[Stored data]
----

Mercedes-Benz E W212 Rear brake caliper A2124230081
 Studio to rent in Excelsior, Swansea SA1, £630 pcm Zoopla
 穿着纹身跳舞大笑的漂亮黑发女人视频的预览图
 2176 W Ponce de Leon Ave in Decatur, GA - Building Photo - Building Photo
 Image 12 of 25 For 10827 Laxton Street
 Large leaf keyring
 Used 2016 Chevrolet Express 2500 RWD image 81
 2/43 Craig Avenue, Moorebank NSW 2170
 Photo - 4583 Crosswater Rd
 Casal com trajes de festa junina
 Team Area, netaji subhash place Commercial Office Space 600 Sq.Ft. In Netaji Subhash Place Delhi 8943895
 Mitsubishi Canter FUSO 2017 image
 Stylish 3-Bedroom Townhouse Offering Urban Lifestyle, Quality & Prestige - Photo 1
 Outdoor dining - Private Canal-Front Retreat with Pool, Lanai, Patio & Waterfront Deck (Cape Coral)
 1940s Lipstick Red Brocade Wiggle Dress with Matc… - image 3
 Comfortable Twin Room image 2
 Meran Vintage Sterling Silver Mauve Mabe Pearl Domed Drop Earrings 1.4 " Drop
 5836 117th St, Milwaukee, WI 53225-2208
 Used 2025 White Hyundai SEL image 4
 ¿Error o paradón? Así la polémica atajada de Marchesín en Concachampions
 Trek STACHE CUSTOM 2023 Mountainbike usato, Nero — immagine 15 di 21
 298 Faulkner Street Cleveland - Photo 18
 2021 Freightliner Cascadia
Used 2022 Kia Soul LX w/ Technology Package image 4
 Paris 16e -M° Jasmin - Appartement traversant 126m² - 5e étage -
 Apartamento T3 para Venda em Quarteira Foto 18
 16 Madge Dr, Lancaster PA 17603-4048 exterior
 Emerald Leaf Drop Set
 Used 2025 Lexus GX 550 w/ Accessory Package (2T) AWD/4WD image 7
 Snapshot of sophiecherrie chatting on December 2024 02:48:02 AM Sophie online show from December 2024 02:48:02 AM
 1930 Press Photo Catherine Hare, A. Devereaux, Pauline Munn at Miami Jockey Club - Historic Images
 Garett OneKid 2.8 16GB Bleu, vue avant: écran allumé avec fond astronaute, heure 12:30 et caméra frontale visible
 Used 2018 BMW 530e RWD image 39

----

*REQUIRED WORK:* Output the line bearing "2021 Freightliner Cascadia" along with all the lines after it through the end of the entries, exactly, and no other lines.

*COMPLETED EXERCISE:*
 2021 Freightliner Cascadia
Used 2022 Kia Soul LX w/ Technology Package image 4
 Paris 16e -M° Jasmin - Appartement traversant 126m² - 5e étage -
 Apartamento T3 para Venda em Quarteira Foto 18
 16 Madge Dr, Lancaster PA 17603-4048 exterior
 Emerald Leaf Drop Set
 Used 2025 Lexus GX 550 w/ Accessory Package (2T) AWD/4WD image 7
 Snapshot of sophiecherrie chatting on December 2024 02:48:02 AM Sophie online show from December 2024 02:48:02 AM
 1930 Press Photo Catherine Hare, A. Devereaux, Pauline Munn at Miami Jockey Club - Historic Images
 Garett OneKid 2.8 16GB Bleu, vue avant: écran allumé avec fond astronaute, heure 12:30 et caméra frontale visible
 Used 2018 BMW 530e RWD image 39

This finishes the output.